Quando o restaurante Largo do Paço (Casa da Calçada) ganhou a primeira estrela Michelin (2004), decidiu passar uns tempos por lá com o chef José Cordeiro. “Eu queria ver o que os chefs de topo faziam. Também fui para a Quinta das Lágrimas passar um tempo com o Albano Lourenço durante dois três meses. Nessa altura, aqui o Convento ainda servia pratos muito tradicionais, tipo pataniscas com arroz de feijão. Com o tempo, com todo o apoio do proprietário, fui conseguindo criar a minha própria cozinha e a aceitação do público foi muito boa. Hoje somos um dos vinte e cinco melhores restaurantes de Portugal, estamos sempre cheios, parece coisa pouca, mas não é”.
E não é mesmo. Fazer alta cozinha no interior do país é um desafio. “Por um lado, num raio de 150 quilómetros não temos concorrência. Mas é muito mais fácil cozinhar nas grandes cidades, onde temos tudo à mão. Aqui o isolamento faz-se sentir porque tudo demora mais a chegar, chega sempre, mas demora”. Com os clientes é diferente. “Eles vêm sempre. O cliente do cogumelo, por exemplo, vem todos os anos. Com a chegada das chuvas, em meados de setembro começam os passeios e os workshops e eles não param de chegar”. Também não tem queixas dos seus colegas chefs: “É verdade que há uma ‘panelinha’ dos chefs de topo em Portugal, mas eu não posso reclamar. Em 2009 vieram cá 14 chefs de topo cozinhar, todos os meses, e eu só tinha pensado em 12. Aproveitei para dar formação ao meu pessoal e para ver o que esses chefs estavam a fazer pelo país. Vieram o (José) Avillez, o Alexandre Silva, o Henrique Mouro, o Augusto Gemelli… eles vêm sempre que eu os convido”.
O orgulho naquilo que faz é evidente: “A paixão de acordar de manhã, juntar os amigos e ir aos locais que conhecemos fazer a apanha dos cogumelos é única. Às vezes, no final do ano, vou ao Piemonte e trago trufas para usar na minha cozinha. Aqui, são pessoas do mundo inteiro a vir ter comigo; apanhar cogumelos, ir para a cozinha prepará-los e depois jantar, é muito bom”. Mas pode dizer-se que Valdir Lubave é um chef descomplicado: “Os meus amigos vão à cozinha para me cumprimentar. Quando me pedem receitas, eu envio. Quando têm dúvidas eu explico, dou o meu telefone, tenho uma relação muito próxima com muitos dos clientes. As pessoas ligam-me e dizem, “Ah, eu sei que não tem galinhola, mas eu estou com uns amigos e vou aí no fim-de-semana, será que consegue arranjar umas para mim? E lá vou eu atrás das galinholas!” Outro sucesso é aquilo a que Valdir Lubave chama ‘Na mesa do chef’: “Eles chegam aqui e não sabem o que vão comer. Eu pergunto se há algum ingrediente de que não gostam, se têm alguma alergia, e depois cozinho. Ontem mesmo um cliente conhecido quis marcar mesa para 8 pessoas no domingo. Eu disse ok, e o que é que querem comer? E ele respondeu, isso não é problema meu. Me surpreende! Eu chego no restaurante e vejo o que há. Reúno uns 10 minutos com o pessoal, decido as receitas e já está!” E não se fica pelo restaurante: “Faço jantares em casas, levo todos os ingredientes, levo o meu pessoal, cozinho e sirvo. Adoro!”

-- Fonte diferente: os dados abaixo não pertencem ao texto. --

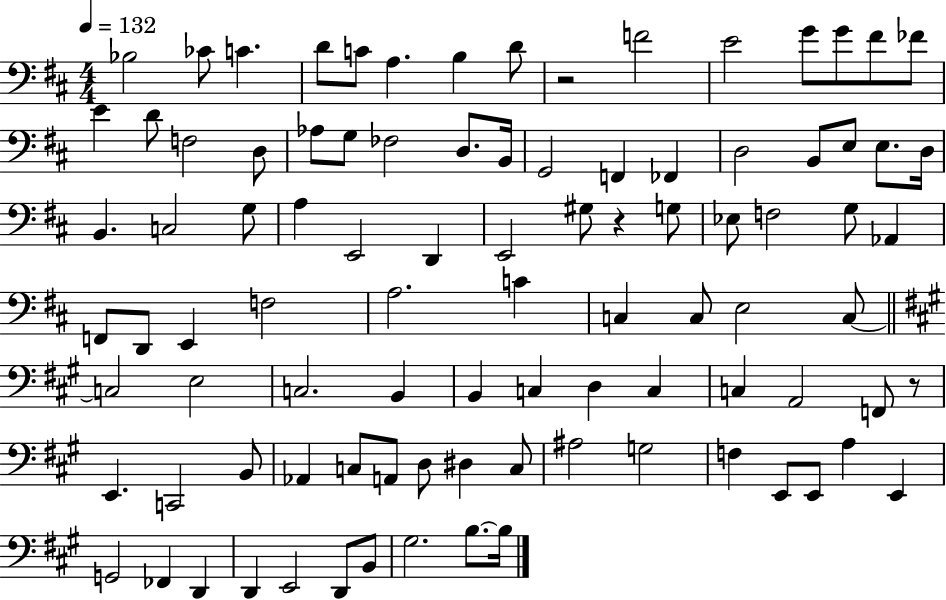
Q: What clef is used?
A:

E também adora viajar, mesmo que o trabalho vá na mala. “A minha última viagem foi a Roma. Descobri o mercado Vittorio Emanuele e não queria sair de lá, a quantidade de ingredientes é impressionante! Itália é comida e eu sou viciado em cozinhar. Quando eu viajo fico sempre em apartamentos que tenham cozinha. Não é por ser forreta, vou a restaurantes, gosto de comer fora, mas não posso ficar sem cozinhar. Gosto de ir aos mercados locais, comprar os produtos e cozinhar logo”. A Índia está nos seus planos para viagens futuras, mas o próximo destino é Amsterdão, uma escolha dos filhos. Promete que só vai andar de bicicleta e passear.
Em casa, só cozinha quando há convidados: “A minha mulher é pasteleira, a minha casa cheira a bolos, ela trabalha em casa. Não posso ficar lá muito tempo senão não resisto… às vezes eu fujo, às vezes é ela que me expulsa. Na minha carta do restaurante eu faço tudo, sobremesas incluídas, mas em casa não”. Entre os pratos emblemáticos do Convento estão o capuccino de cogumelos com espuma de ervas aromáticas, que “não pode sair da ementa, as pessoas quando me vêem parece que eu tenho um cogumelo na cabeça!”, e os robalinhos com escamas de batata e beurre blanc. Já o leite-creme é uma receita tradicional com centenas de anos, da condessa de Caria. É servido dentro de uma pedra e, segundo o chef, é “o melhor leite-creme do mundo”.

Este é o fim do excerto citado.